TLDR: The paper introduces a “Cross-Speaker Joint Fine-Tuning” strategy for dysarthric speech recognition using the Chinese Dysarthria Speech Database (CDSD). It challenges conventional speaker-specific fine-tuning by demonstrating that training on multiple dysarthric speakers simultaneously improves individual recognition accuracy, enhances generalization, and reduces data dependence. The study also finds that for larger models, speech duration is more critical than speaker diversity, and character-level modeling units outperform direct phoneme-based units due to richer semantic information.
Individuals with dysarthria, a motor speech disorder, often face significant challenges in verbal communication due to impaired articulatory precision. This can lead to misunderstandings, social isolation, and psychological distress. Advancements in Dysarthric Speech Recognition (DSR) technology are crucial to help convert their impaired speech into text, thereby facilitating better comprehension among listeners.
While mainstream Automatic Speech Recognition (ASR) systems have achieved remarkable accuracy for typical speech, DSR research faces a primary hurdle: the acute scarcity of relevant datasets. Physiological constraints and demographic limitations make large-scale data collection difficult for dysarthric individuals. Existing English dysarthria corpora are limited in scale, and Chinese datasets like CUDYS and MSDM are also relatively small, often containing less than 10 hours of speech, which is insufficient for training comprehensive speech recognition models.
A recent and significant development is the release of the Chinese Dysarthria Speech Database (CDSD), the largest publicly available Mandarin dysarthric speech dataset to date. This database comprises recordings from 44 individuals, totaling 124 hours of dysarthric speech. Baseline experiments with the CDSD database using conventional ASR models revealed poor performance without fine-tuning, highlighting a severe incompatibility between pathological and normative speech features. Speaker-dependent fine-tuning showed some improvement for individual speakers but performed poorly on multi-speaker datasets, underscoring the substantial acoustic heterogeneity among individuals with dysarthria.
A New Strategy: Cross-Speaker Joint Fine-Tuning
Conventional DSR methods typically rely on speaker-specific fine-tuning, which requires extensive data for each patient and offers limited generalization across different dysarthric populations. To overcome these limitations, a new study proposes a “Cross-Speaker Joint Fine-Tuning” strategy. This innovative approach leverages inter-speaker pronunciation discrepancies as a form of intrinsic data augmentation, demonstrating that aggregating ultra-sparse samples from diverse dysarthric individuals can yield superior generalization capabilities compared to intensive single-speaker training.
The research, detailed in the paper Cross-Learning Fine-Tuning Strategy for Dysarthric Speech Recognition Via CDSD database, conducted three critical experiments to validate its hypotheses.

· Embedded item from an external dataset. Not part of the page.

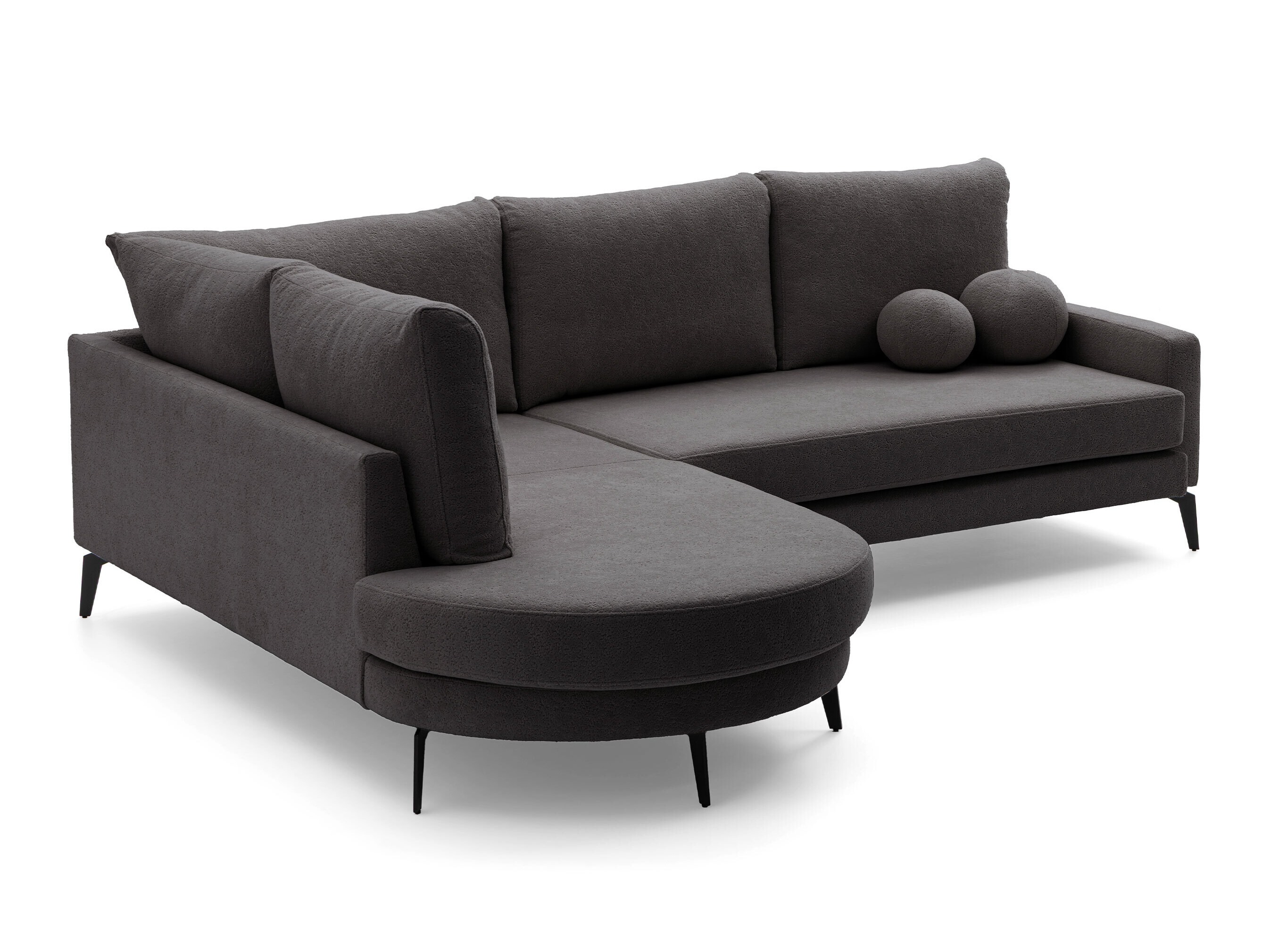 Hjørnesofa Carson 146 (Bellini 03)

Key Findings from the Experiments
The first experiment validated the multi-speaker cross-training strategy. It showed that for all seven speakers with 10 hours of speech data in CDSD PartB, their individual Character Error Rates (CERs) significantly decreased when using multi-speaker fine-tuning compared to fine-tuning with only their personal speech data. Interestingly, sequential fine-tuning (first with multi-speaker data, then speaker-specific refinement) sometimes increased CERs for certain speakers (04 and 06). Furthermore, the study found that simply expanding the speaker population in PartB did not always lead to improved performance for a target speaker, suggesting that the composition of the multi-speaker dataset is important.

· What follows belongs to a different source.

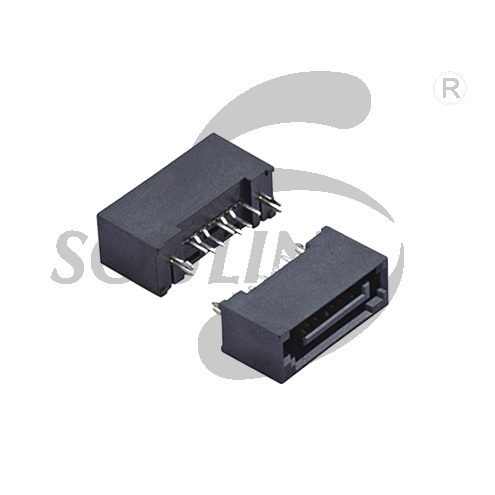 SATA7P A type Cover all the side windowless PC2.5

The second experiment investigated the influence of data scaling effects versus speaker population size. It demonstrated that for larger-scale models, speech duration was a more decisive factor than speaker diversity during dataset training, establishing duration as a more critical element for model training effectiveness.
The third experiment explored the efficacy of different modeling units, comparing phoneme-based and character-based approaches. The results confirmed that direct full-model fine-tuning with phoneme-based units yielded suboptimal performance. This suggests that character-level representations inherently capture richer semantic and contextual information, which enhances model performance, and that naive full-model fine-tuning may disrupt pre-trained knowledge alignment.
Also Read:
- Bridging the Speech Gap: How ASR Models Perform in Real-World Robot Interactions
- Precision and Clarity: Rule-Based Stuttering Detection in Clinical Settings
Implications for Future DSR Research
The findings suggest that the significant CER increases observed for some speakers after sequential fine-tuning might stem from conflicting acoustic characteristics between speakers. Future work should investigate these inter-speaker conflicts to optimize speaker selection criteria for cross-training. Additionally, further studies could systematically evaluate how speaker diversity and speech duration interact with different model scales. For phoneme-level modeling, identifying which model layers benefit most from phoneme-specific tuning could maximize cross-population parameter sharing.
In conclusion, this research provides valuable insights into enhancing dysarthric speech recognition. The proposed multi-speaker cross-training strategy offers a promising direction for improving adaptation efficacy, while the findings on data duration and modeling units highlight critical considerations for developing more robust and generalized DSR systems.